■ Exercise brief
Copy out the listing that follows, exactly, without its pictures.

■ Dataset section
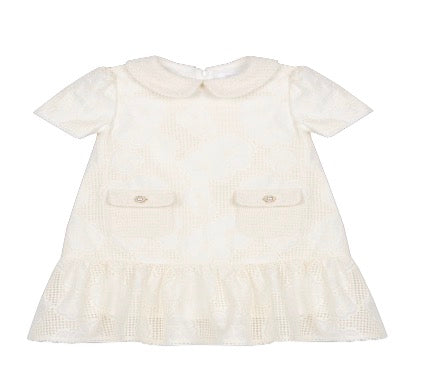 Patachou - Girls Dress, Ecru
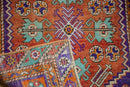 3x4 Vintage Distressed Oushak Square Rug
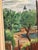 P. Agne, Village, 1950s, Oil on Canvas, Framed For Sale - Image 5 of 13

■ Exercise solution
 Patachou - Girls Dress, Ecru
 3x4 Vintage Distressed Oushak Square Rug
 P. Agne, Village, 1950s, Oil on Canvas, Framed For Sale - Image 5 of 13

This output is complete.